WHAT THE TASK REQUIRES: Every entry below must be transcribed exactly, with no line missing.

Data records
┄┄┄┄┄┄

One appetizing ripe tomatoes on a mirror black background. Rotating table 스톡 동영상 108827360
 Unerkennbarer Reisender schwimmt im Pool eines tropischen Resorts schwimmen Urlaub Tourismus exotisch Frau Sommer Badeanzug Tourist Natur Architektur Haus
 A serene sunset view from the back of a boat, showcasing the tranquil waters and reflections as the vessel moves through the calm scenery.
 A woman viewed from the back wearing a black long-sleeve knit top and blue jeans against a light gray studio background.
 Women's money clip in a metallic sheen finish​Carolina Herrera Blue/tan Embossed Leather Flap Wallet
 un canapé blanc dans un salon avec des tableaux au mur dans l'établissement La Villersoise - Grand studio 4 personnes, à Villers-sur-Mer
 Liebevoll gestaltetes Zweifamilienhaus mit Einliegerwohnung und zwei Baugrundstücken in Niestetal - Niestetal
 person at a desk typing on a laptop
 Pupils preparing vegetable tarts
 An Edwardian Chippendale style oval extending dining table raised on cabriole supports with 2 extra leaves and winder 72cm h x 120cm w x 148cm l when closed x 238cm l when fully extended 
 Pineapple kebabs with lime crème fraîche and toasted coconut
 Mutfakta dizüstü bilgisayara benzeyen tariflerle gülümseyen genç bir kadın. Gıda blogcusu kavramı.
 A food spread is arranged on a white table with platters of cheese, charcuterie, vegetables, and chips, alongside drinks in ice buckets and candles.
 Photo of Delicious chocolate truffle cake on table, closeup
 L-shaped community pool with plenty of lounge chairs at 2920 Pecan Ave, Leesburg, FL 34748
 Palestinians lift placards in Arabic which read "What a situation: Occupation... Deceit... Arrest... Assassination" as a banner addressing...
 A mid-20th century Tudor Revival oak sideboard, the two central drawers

┄┄┄┄┄┄

EXERCISE RESULT:
One appetizing ripe tomatoes on a mirror black background. Rotating table 스톡 동영상 108827360
 Unerkennbarer Reisender schwimmt im Pool eines tropischen Resorts schwimmen Urlaub Tourismus exotisch Frau Sommer Badeanzug Tourist Natur Architektur Haus
 A serene sunset view from the back of a boat, showcasing the tranquil waters and reflections as the vessel moves through the calm scenery.
 A woman viewed from the back wearing a black long-sleeve knit top and blue jeans against a light gray studio background.
 Women's money clip in a metallic sheen finish​Carolina Herrera Blue/tan Embossed Leather Flap Wallet
 un canapé blanc dans un salon avec des tableaux au mur dans l'établissement La Villersoise - Grand studio 4 personnes, à Villers-sur-Mer
 Liebevoll gestaltetes Zweifamilienhaus mit Einliegerwohnung und zwei Baugrundstücken in Niestetal - Niestetal
 person at a desk typing on a laptop
 Pupils preparing vegetable tarts
 An Edwardian Chippendale style oval extending dining table raised on cabriole supports with 2 extra leaves and winder 72cm h x 120cm w x 148cm l when closed x 238cm l when fully extended 
 Pineapple kebabs with lime crème fraîche and toasted coconut
 Mutfakta dizüstü bilgisayara benzeyen tariflerle gülümseyen genç bir kadın. Gıda blogcusu kavramı.
 A food spread is arranged on a white table with platters of cheese, charcuterie, vegetables, and chips, alongside drinks in ice buckets and candles.
 Photo of Delicious chocolate truffle cake on table, closeup
 L-shaped community pool with plenty of lounge chairs at 2920 Pecan Ave, Leesburg, FL 34748
 Palestinians lift placards in Arabic which read "What a situation: Occupation... Deceit... Arrest... Assassination" as a banner addressing...
 A mid-20th century Tudor Revival oak sideboard, the two central drawers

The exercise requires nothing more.